» **Task instructions**:
Pictures stay out of the copy. Transcribe exactly the lines from the line with "Букет з 7 або" through the final line of the records.

Records for the task Start Marker

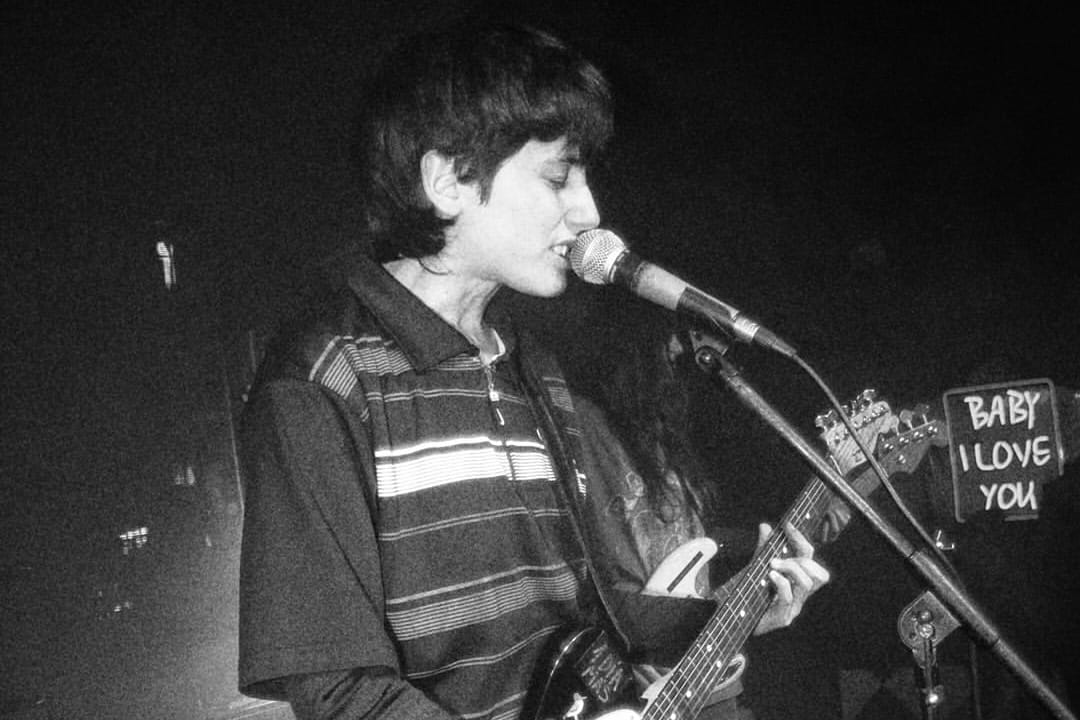 Nina Suárez tocando guitarra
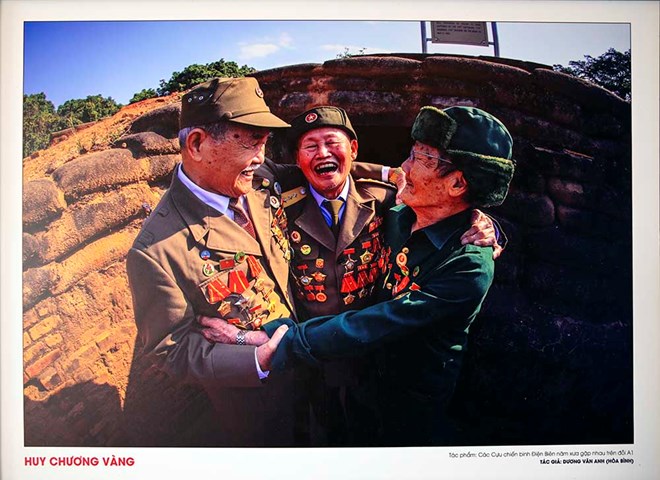Bức ảnh cựu chiến binh trên Đồi A1 ở Điện Biên đoạt Huy chương Vàng khu vực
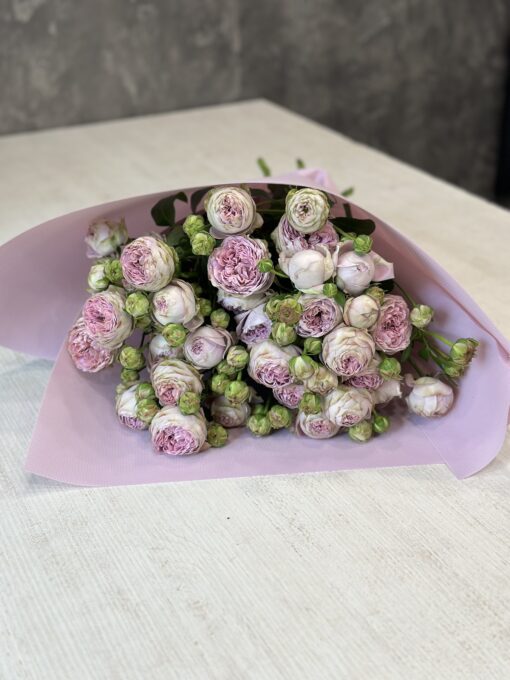 Букет з 7 або 11 гілок кущових троянд "Blossom Bubbles"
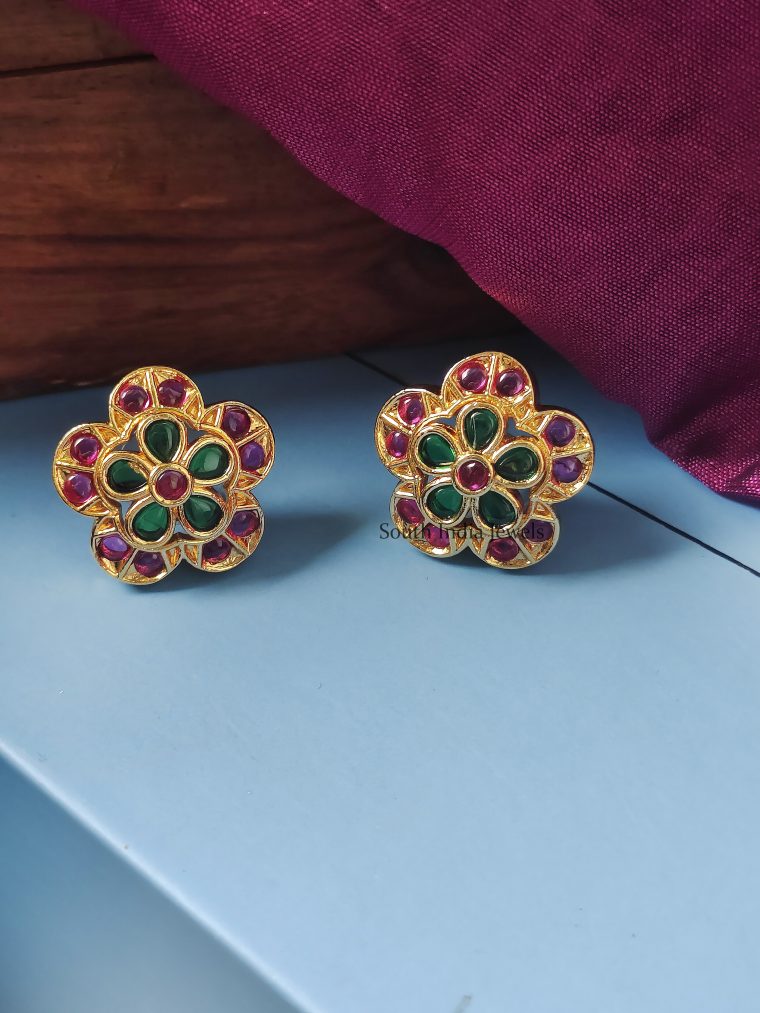 Pretty Flower Design Earrings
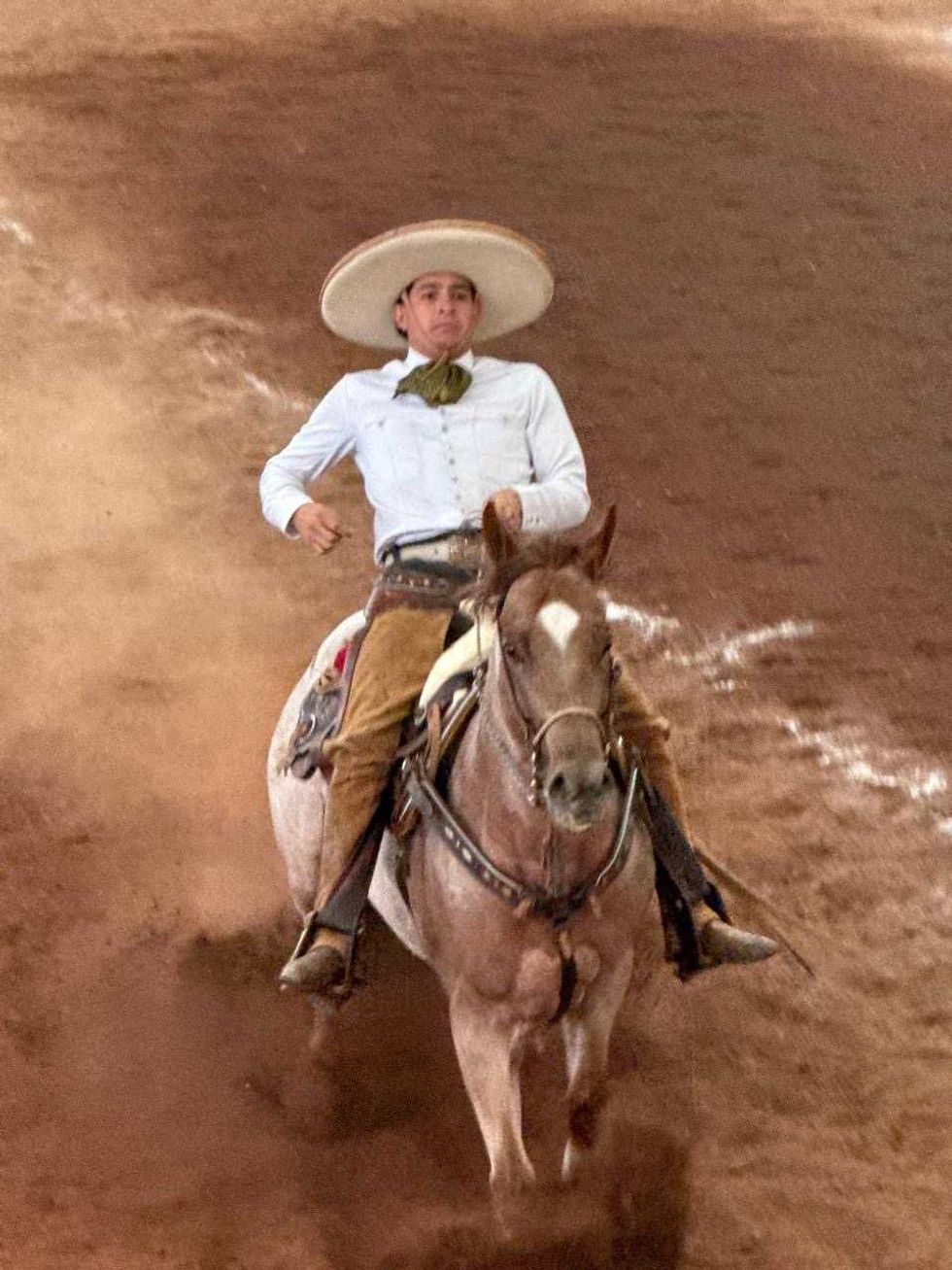 Charro monta a caballo ante jinetes en el ruedo del Lienzo Charro JESAR, San Juan del R\u00edo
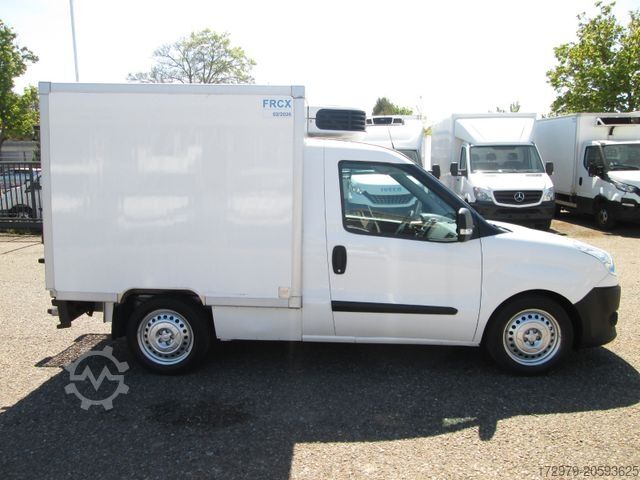 Fourgon isotherme frigorifique FIAT Doblo 1.3*Carrier-Tiefkühler*Euro 5*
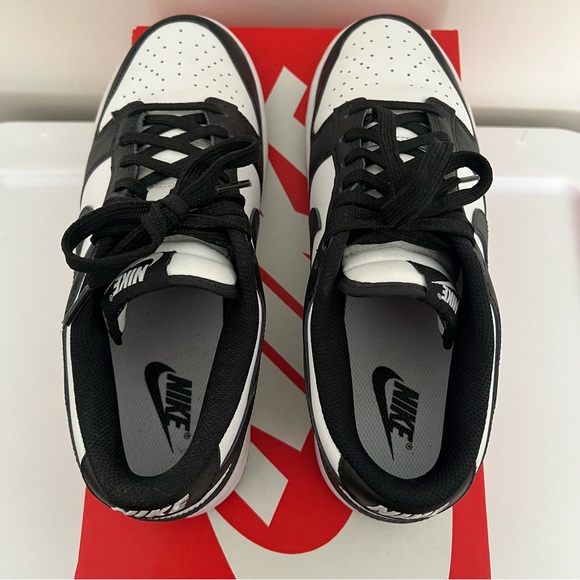 In box Nike women’s dunk low black and white - Picture 6 of 12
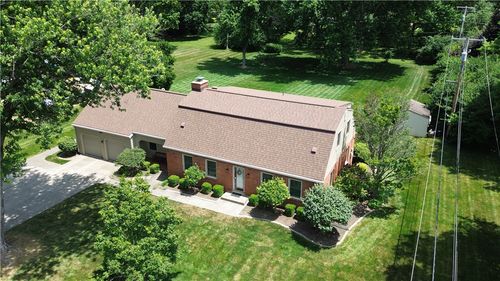2221 Fiesta Dr, Troy, OH, 45373-4407 | Card Image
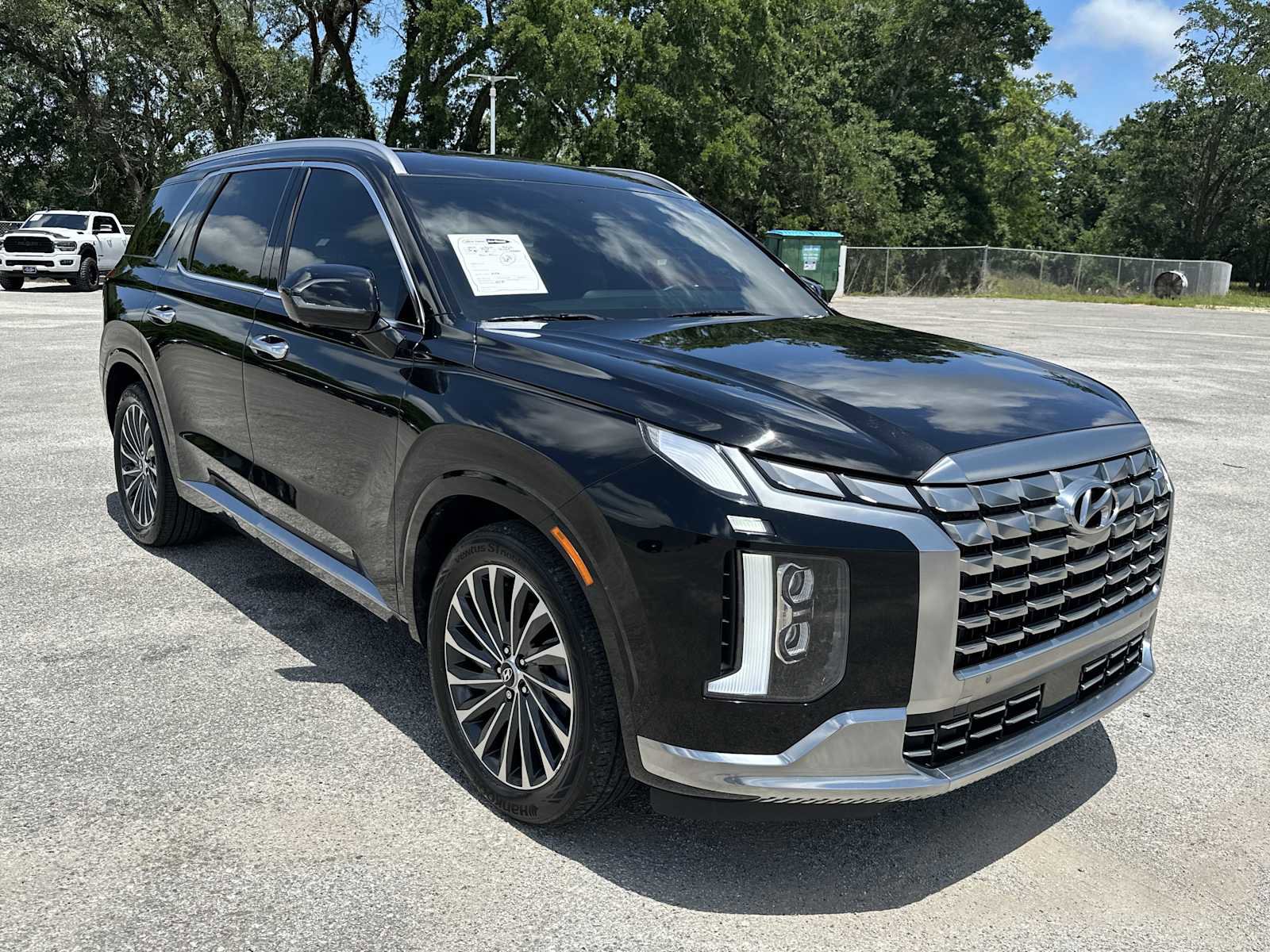 Used 2024 Hyundai Palisade Calligraphy FWD image 1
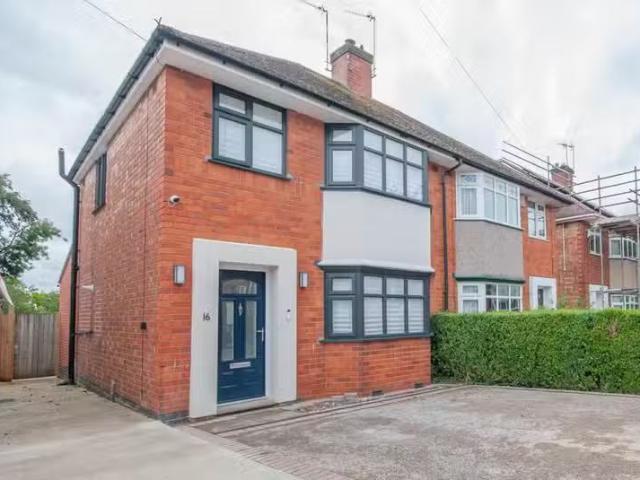 Nice 1 BA 3 bedroom semi detached house for rent in Wheatfield.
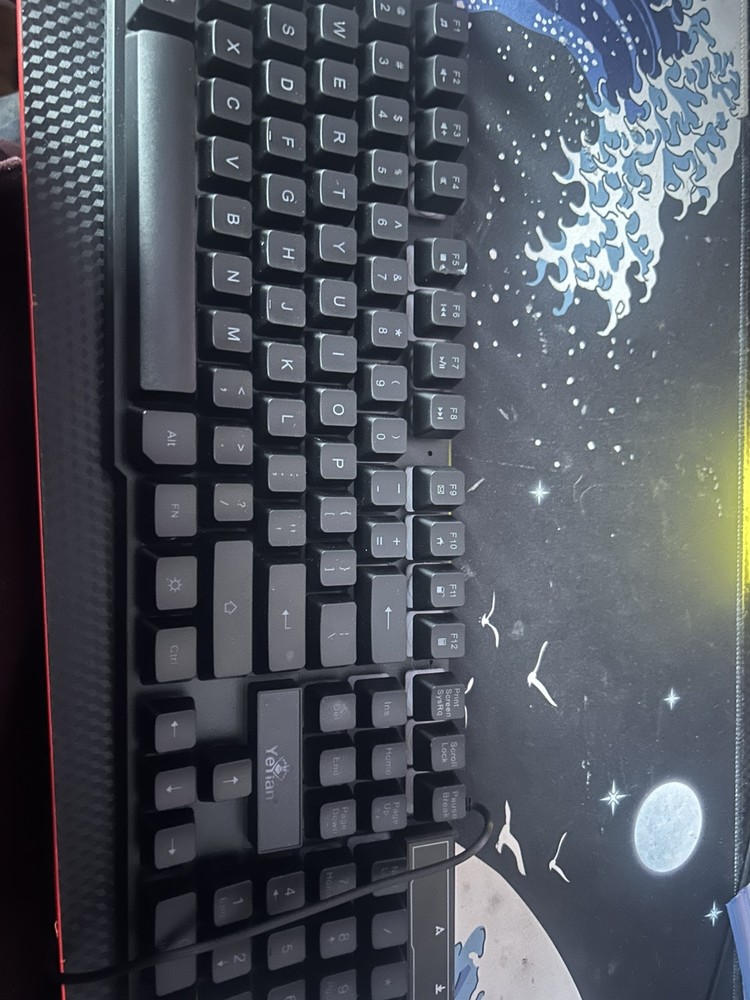 Compact Ergonomic Keyboard for Comfortable Typing and Gaming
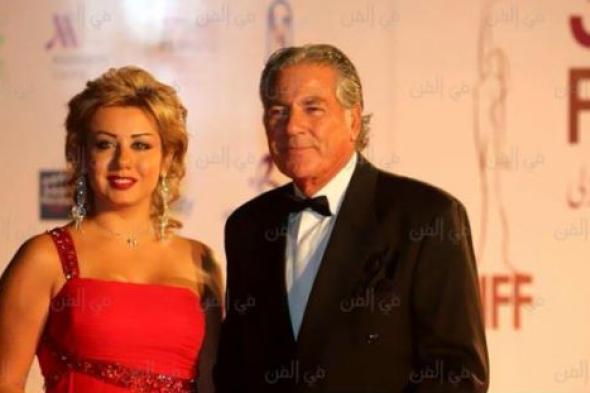 صورة- ظهور نادر لمصطفى فهمي وزوجته في سهرة بالساحل الشمالي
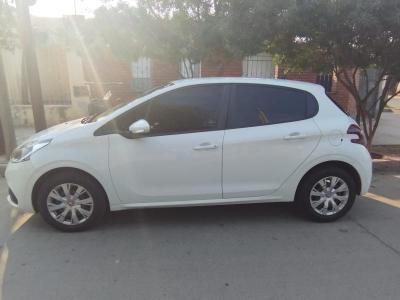 Autos Venta VENDO PEUGEOT 208 ACTIVE 1.6 - MOD 2018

Records for the task End Marker

» **Task response**:
 Букет з 7 або 11 гілок кущових троянд "Blossom Bubbles"
 Pretty Flower Design Earrings
 Charro monta a caballo ante jinetes en el ruedo del Lienzo Charro JESAR, San Juan del R\u00edo
 Fourgon isotherme frigorifique FIAT Doblo 1.3*Carrier-Tiefkühler*Euro 5*
 In box Nike women’s dunk low black and white - Picture 6 of 12
2221 Fiesta Dr, Troy, OH, 45373-4407 | Card Image
 Used 2024 Hyundai Palisade Calligraphy FWD image 1
 Nice 1 BA 3 bedroom semi detached house for rent in Wheatfield.
 Compact Ergonomic Keyboard for Comfortable Typing and Gaming
 صورة- ظهور نادر لمصطفى فهمي وزوجته في سهرة بالساحل الشمالي
 Autos Venta VENDO PEUGEOT 208 ACTIVE 1.6 - MOD 2018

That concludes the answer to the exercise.